Awakening a defunct conductor: Oskar Fried (part 1)

Cross paths with some sounds and you might risk being abducted. How did it come about and just who’s the force behind this business? Brushing away the dust clinging to Oskar Fried, a dead conductor, exposes his sounds through technology and drags him right back here from sleeping in the shellac grooves.

Every glimpse of him brought unexpected associations, one reaction after another, either extreme loathing or profound admiration, nothing half-way. Fried rascally covered all traces, leaving only a sound trail behind, shrouding his outside activities in mystery, one we shall attempt to untangle, on the installment plan, starting now.

We open the scene onto a suite from Stravinsky’s Firebird:

l. to r.: Oskar Fried (monocle and cigar), Eva Gauthier (singer, hostess), Tedesco (conductor),George Gershwin (meeting Ravel for the first time); seated: birthday boy Maurice Ravel

Beyond belief how he began conducting with the Berlin Philharmonic around 1905, for he never led an orchestra before them. He confessed to a Berlin critic that the only work after desultory years as a dissipated Berliner playing the role of a Paris bohemian was some horn parts here and there, then training dogs and circus animals, probably the best steps towards becoming a conductor.

Landing into an avant-garde Berlin, some powers controlling recordings had Fried bring the whole Philharmonic into a hall and capture the Firebird in 1928.

Karsavina: the first Firebird.

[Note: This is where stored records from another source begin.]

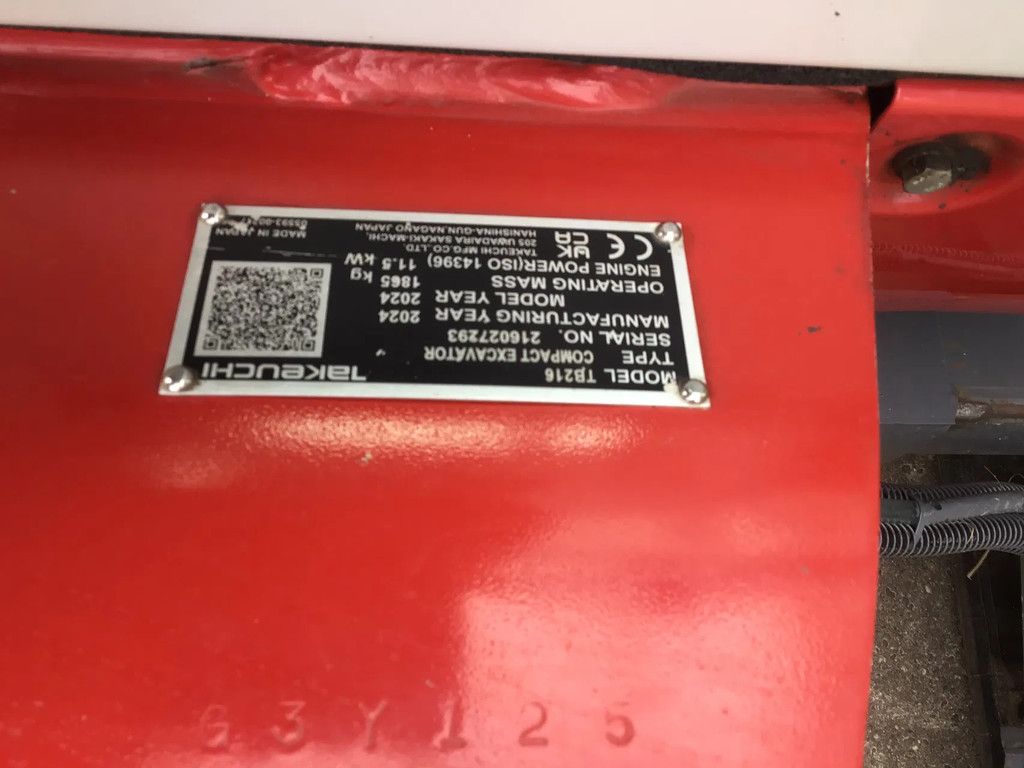 Takeuchi TB216 met maar 150 uur
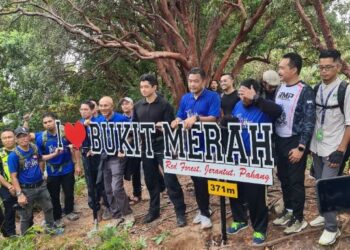 TENGKU HASSANAL Ibrahim Alam Shah (tengah) bersama Mohd. Sharkar Shamsudin (depan, dua dari kanan) bersama sebahagian pendaki ketika berada di puncak setinggi 371 meter Bukit Merah di Jerantut, Pahang.
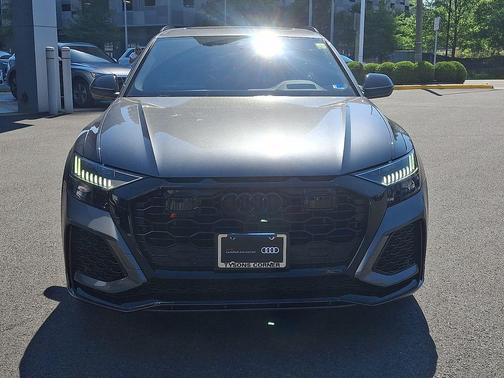 Daytona Gray Pearl Effect 2024 Audi RS Q8 4.0T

Ballets Russes, 1910.

A malevolent dance sears with sulphuric stench and heat, shifting our sensibilities onto a daemonic plane. Old records are noisy so any Sissies out there should cover their ears or leave. Time makes noise but these sounds will nourish your soul:

firebird 1

The ballet was a recent arrival, still jolting to most pampered 19th century ears at large, something that could amuse Fried, who later teased audiences by juxtaposing works that never belong together, breaking the rules and succeeding.

His life started in 1871, a good ten years before Stravinsky’s. While saying that he had to quit school at a very early age to work, I spotted references to him by the poet Rilke, who became the older boy’s friend and confidante at their exclusive boarding school.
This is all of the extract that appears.